→ Task to carry out
Exactly reproduce the lines of the listing below from the one containing "Portable Japanese 13" through the one containing "Neon sign for". Skip the images.

→ Given entries
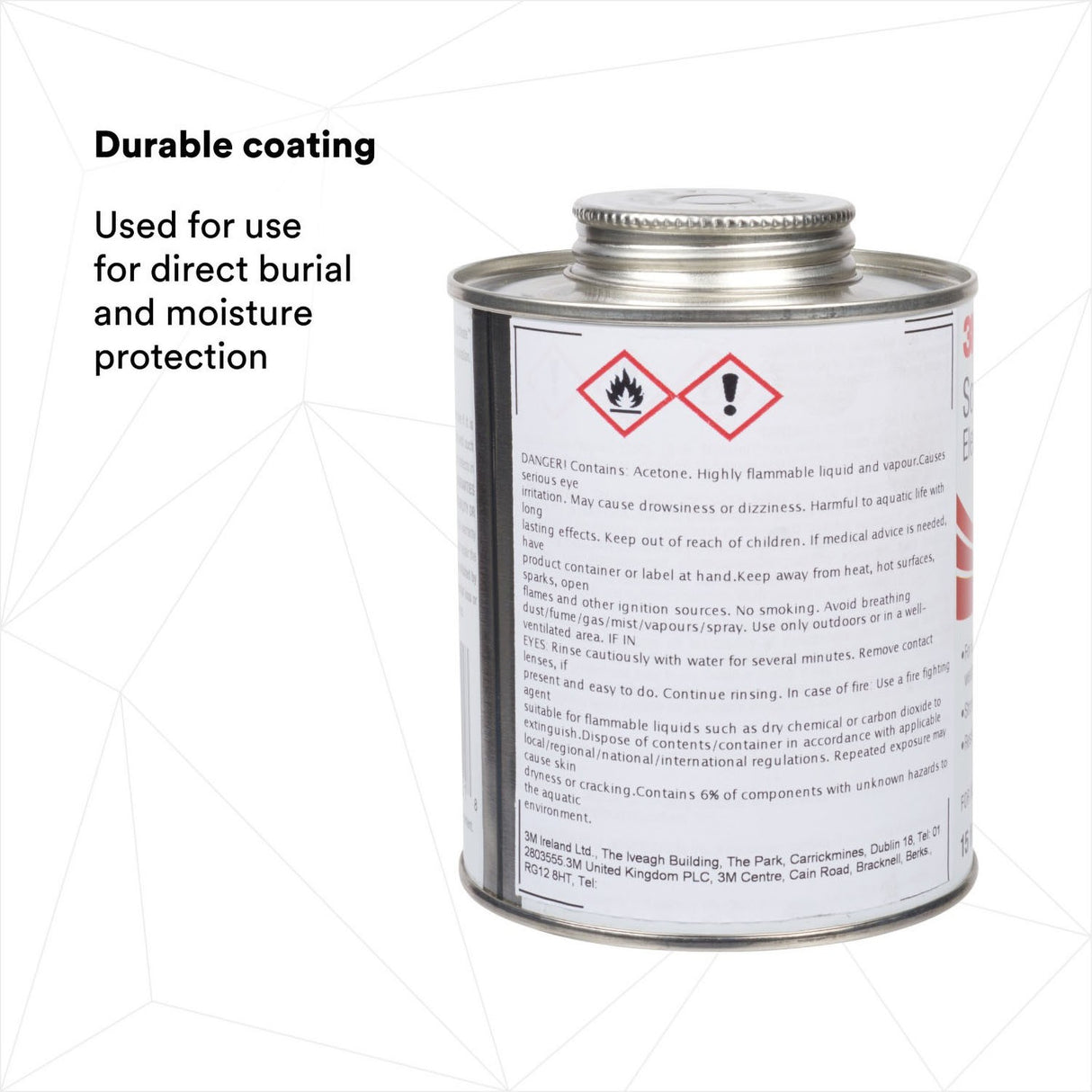 3M Scotchkote Electrical Coating FD, Fast-Drying Liquid Flexible Sealant and Bonding Agent, Self-Contained Applicator, 15 fl oz Can (SCOTCHKOTE FD) (7100095977) (10 Pack) - 5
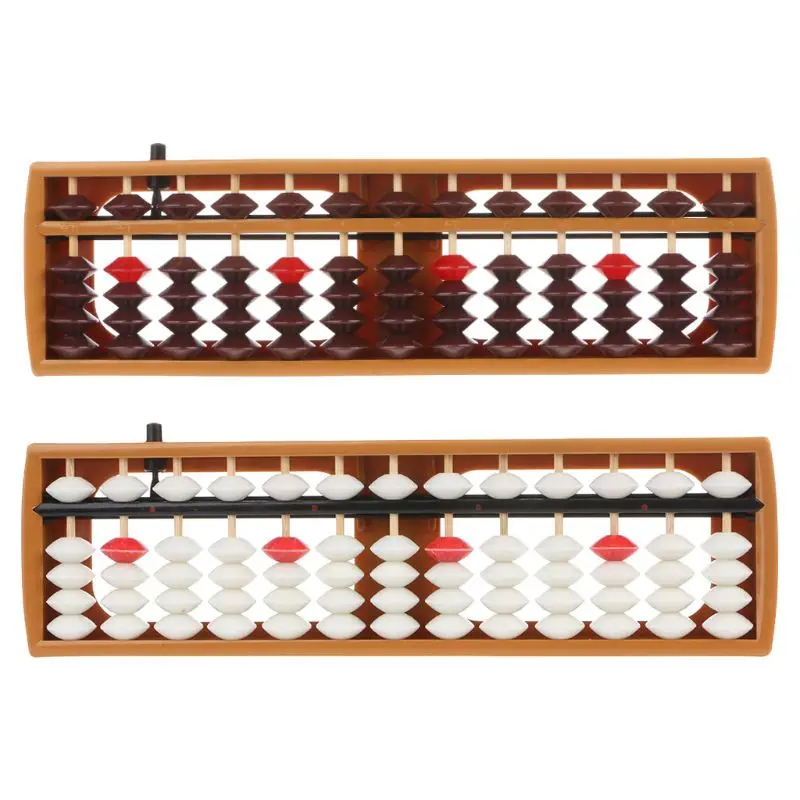 

Portable Japanese 13 Digits Column Abacus Arithmetic Soroban Caculating School Math Learning Tool
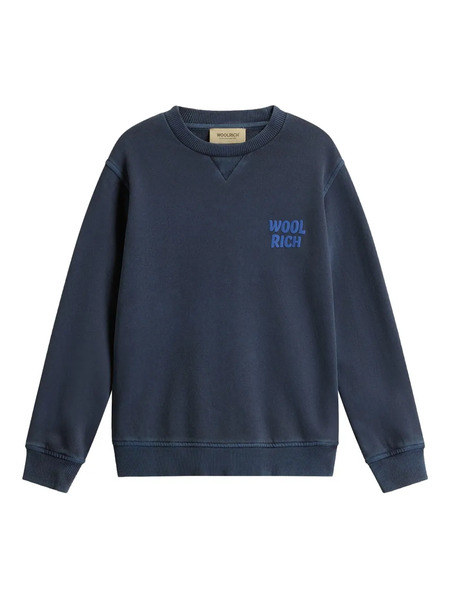  Woolrich Kids Crew-neck Sweatshirt - Blue 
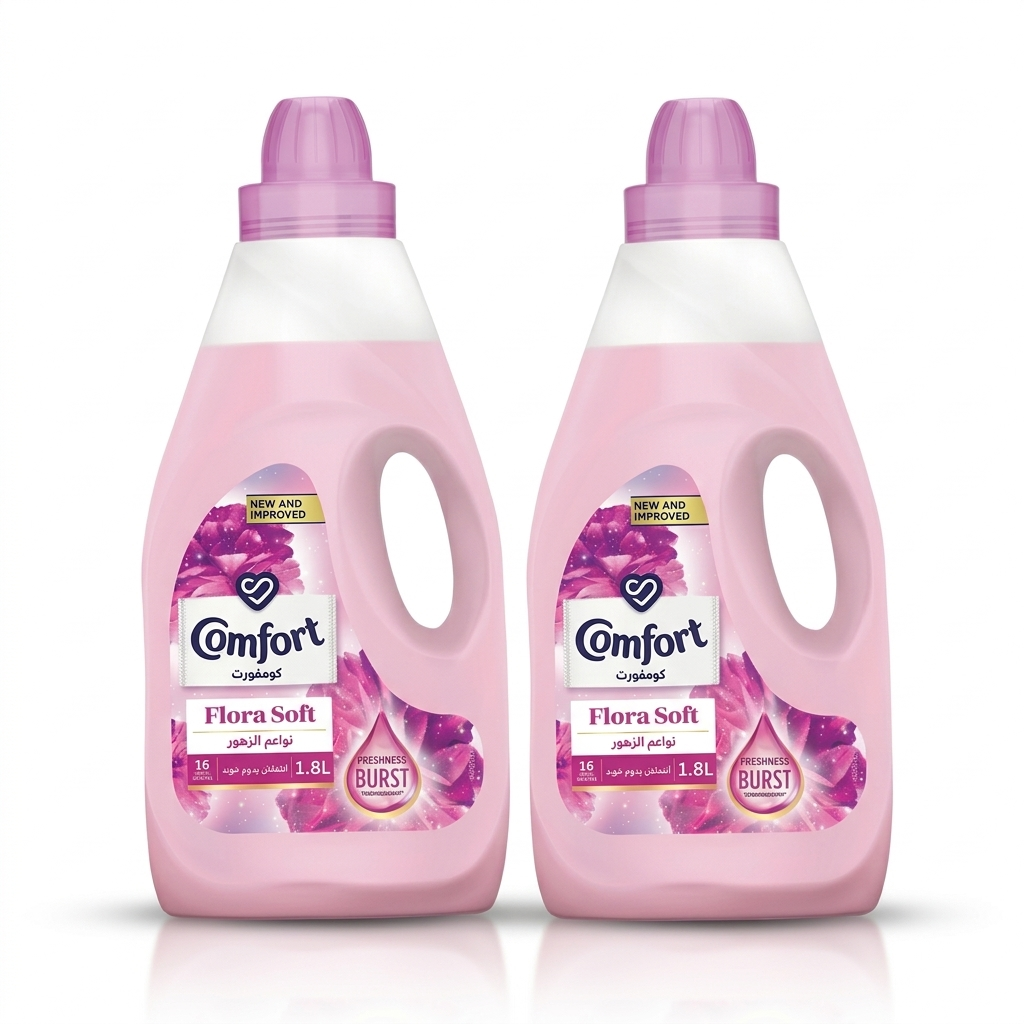 Comfort Fabric Softener Flora Soft 1.8 Ltr - (Pack of 2)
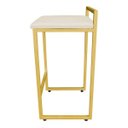 Ver imagem 3 de Banqueta Pietra Suede Bege Base Dourado D'Rossi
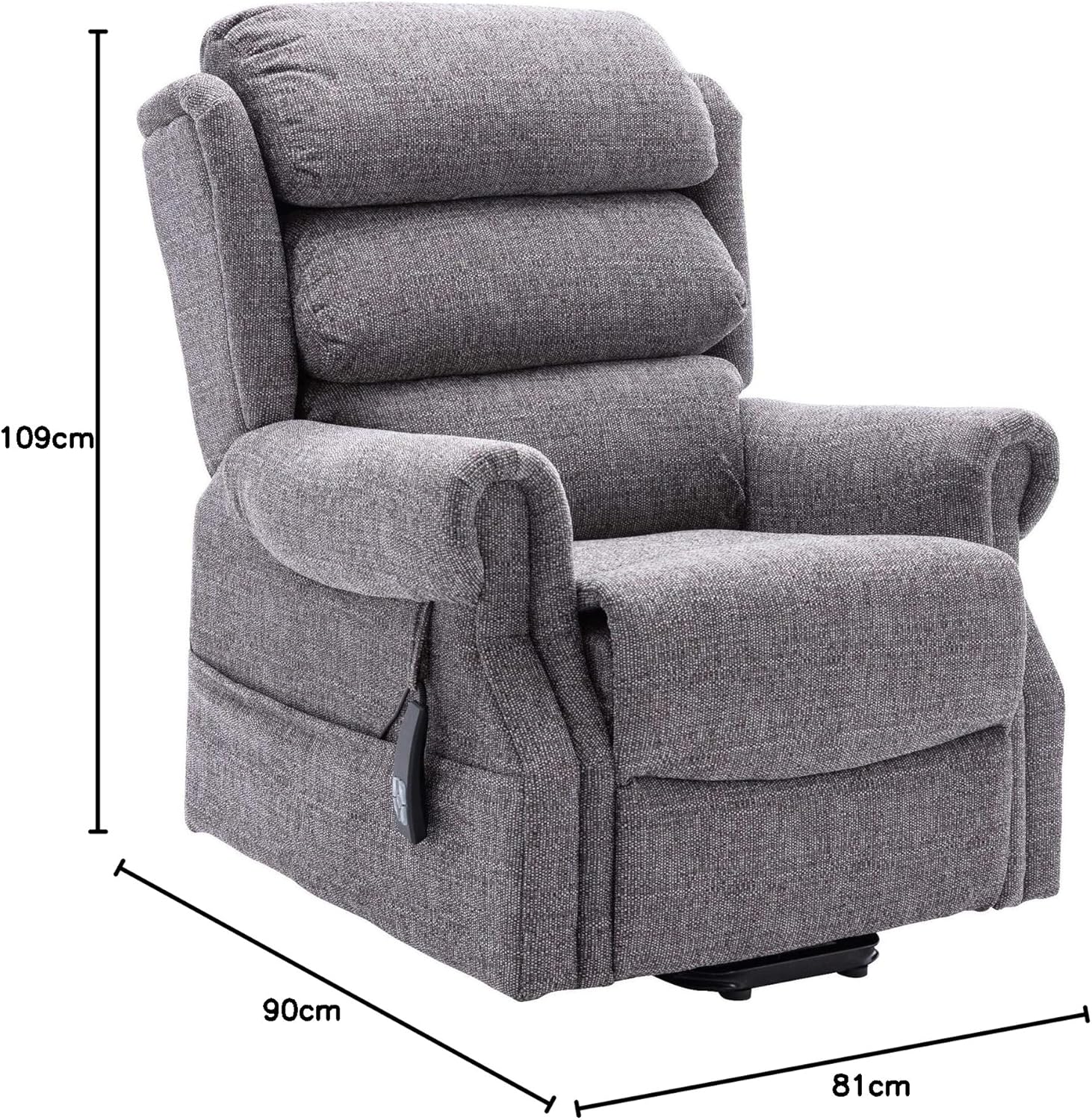 Sloan Reclining Chair Bed - Lisbon Grey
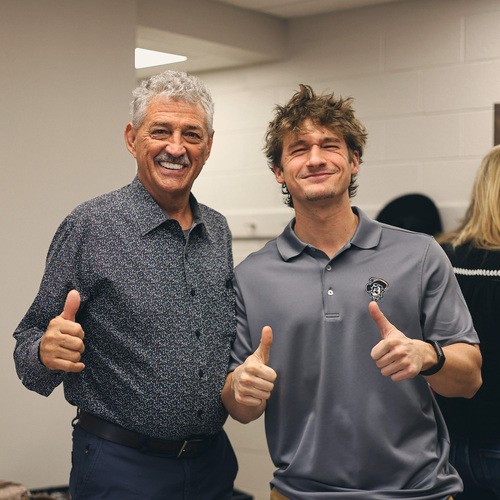 Neon sign for the Coffee House venue used for UHBC Men's Ministry gatherings in Stillwater, Oklahoma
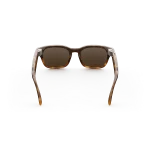 แว่น Meta Adventurer กรอบลายกระ เลนส์น้ำตาล มุมมองด้านหน้าบนพื้นขาว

→ Solution
Portable Japanese 13 Digits Column Abacus Arithmetic Soroban Caculating School Math Learning Tool
  Woolrich Kids Crew-neck Sweatshirt - Blue 
 Comfort Fabric Softener Flora Soft 1.8 Ltr - (Pack of 2)
 Ver imagem 3 de Banqueta Pietra Suede Bege Base Dourado D'Rossi
 Sloan Reclining Chair Bed - Lisbon Grey
 Neon sign for the Coffee House venue used for UHBC Men's Ministry gatherings in Stillwater, Oklahoma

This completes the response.